August 16, 2018, will be an iconic day on Hatteras Island, as it marks the 100th anniversary of the rescue of the British tanker Mirlo, which is easily one of the most famous rescues in local history.
As fitting for such a once-in-a-lifetime occasion, the Chicamacomico Historical Association is planning a week of events to coincide with the anniversary, complete with art auctions and shows, rare exhibits and artifacts, tours, local fare, entertainment, and even a flyover from the U.S. Coast Guard Station Elizabeth City. (And that’s just a sample of what’s slated for the celebration.)
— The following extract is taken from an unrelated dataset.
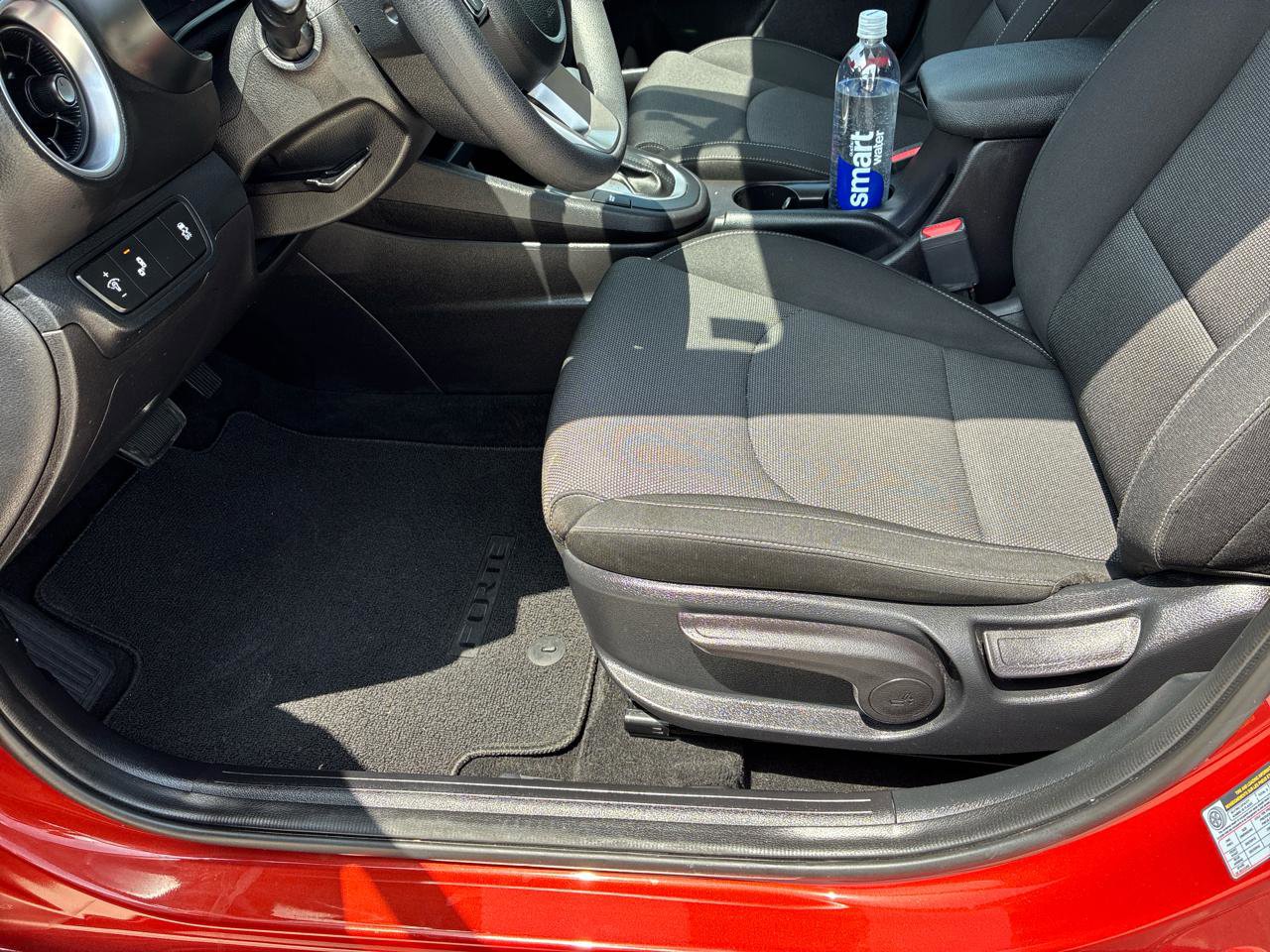 Used 2022 Kia Forte LXS w/ LXS Technology Package FWD image 20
The orchestrating of such an event is no small undertaking, and the Chicamacomico Historical Association has been hard at work for more than a year fitting all of the pieces into place. Recently, they partnered with Carl Curnutte, Executive Director for the Elizabethan Gardens and longtime major event planner, for a little guidance, and the event is starting to take a noticeable shape.
“Now it’s crunch time, so we brought in the big guns,” said Chicamacomico Historical Association President John Griffin. “Carl has been instrumental for a lot of events like the annual Seafood Festival, and he graciously agreed to help us get this together.”
There are a lot of moving parts to consider, as well. U.S. Coast Guard officers are planning to attend and / or address the crowd during the celebration, however there’s always the possibility that a hurricane that needs their attention will add an extra obstacle.
But despite these small and possible last-minute adjustments, the event on the whole is shaping up to be one to remember.
It’s essential to understand how groundbreaking the Mirlo Rescue was. Occurring on August 16, 1918, the rescue involved six life-savers heading off the coast of Rodanthe to rescue 42 crew members of the British oil tanker, which was torpedoed by a German U-Boat. The endeavor, which was spearheaded by Capt. John Allen Midgett, required rowing to the stranded crew members through a literal ocean of flames.
“It’s a very important day in our history,” said Griffin. “The Life-Saving Service merged [with the United States Revenue Cutter Service] to form the U.S. Coast Guard in 1915, and the Mirlo rescue took place in 1918. A lot of people don’t know that submarine warfare goes back to WWI, and the Coast Guard had just started – It was a brand new outfit, and then a bunch of local guys go out and rescue 42 British seamen in an ocean that’s on fire. It’s pretty dramatic.”
“It’s certainly one of the most significant rescues in Coast Guard history, and one of the most significant rescues on the Outer Banks,” he added. “It was the first big publicity that the Coast Guard received – no one even knew what the Coast Guard was, as it has just started three years before.”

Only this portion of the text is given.